El trabajo ya no era un reto. ¿Cuántos millones podía ganar un hombre? Duarte se consideraba un guerrero sin ejército.

Si hubiera crecido en San Rinaldo habría servido en el ejército, como su padre y su abuelo antes que él.

Qué irónico ser un multimillonario de treinta y cinco años y estar aburrido de la vida, se dijo.

–Además, mi compromiso con ella tranquilizará a mi padre. Ya sabes que quiere ver una nueva generación antes de morir.

–Lo que tú digas, amigo –Javier tomó un trago de agua mineral.

Ah, demonios. No podía esconderle la verdad a su amigo y tampoco podía escondérsela a sí mismo. Kate Harper le gustaba más de lo que era recomendable. Además, le había prometido a su madre que cuidaría de Enrique… ¿pero qué podía hacer contra sus problemas de salud?
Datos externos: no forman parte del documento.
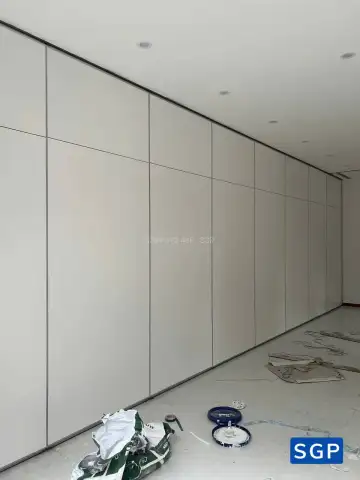 vách ngăn di động màu trắng
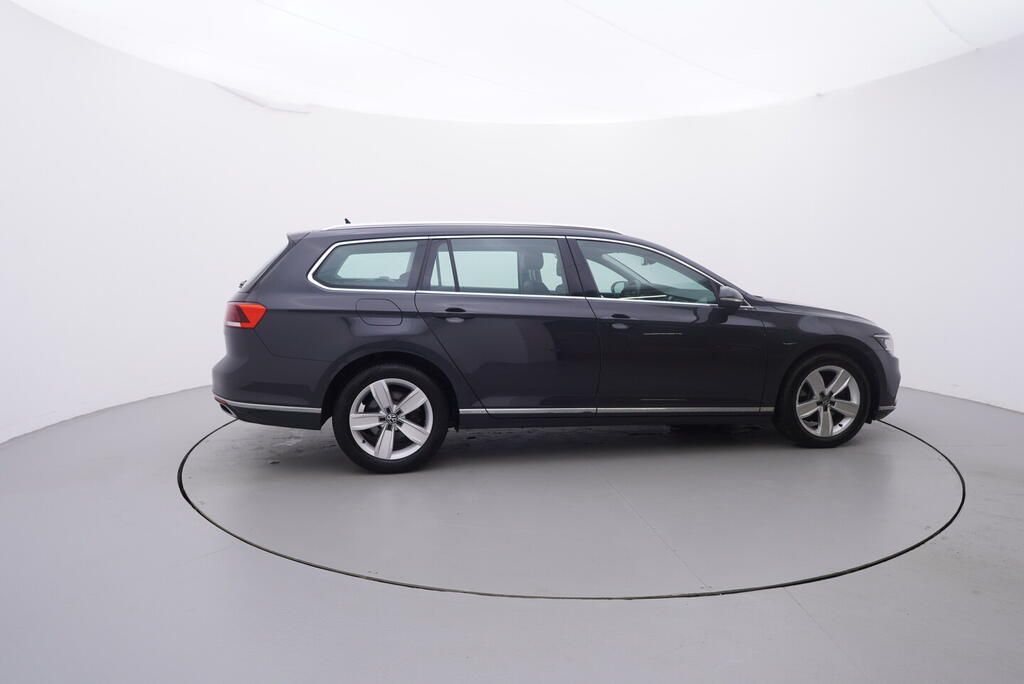 Volkswagen Passat, Elegance 2.0 TDI 110 kW - fotka 6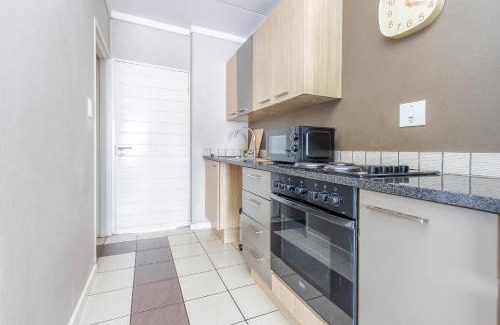 Greater Johannesburg Metropolitan Area Apartment | OHasis Stay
A veces se preguntaba por qué su madre se lo había pedido a él cuando Carlos era el mayor. Pero ella solía decir que era el soldado de la familia y Duarte haría lo que fuese para protegerlos. Lo mismo que haría Kate. Lo había visto en sus ojos cuando hablaba de su hermana.

Qué irónico que tuvieran objetivos similares, pero eso los convirtiera en enemigos.

Duarte se levantó y señaló la pantalla en la que se veía a Kate tomando su cena… con gran apetito, por cierto.

–Apaga esa pantalla. A partir de ahora, yo me encargo de Kate Harper.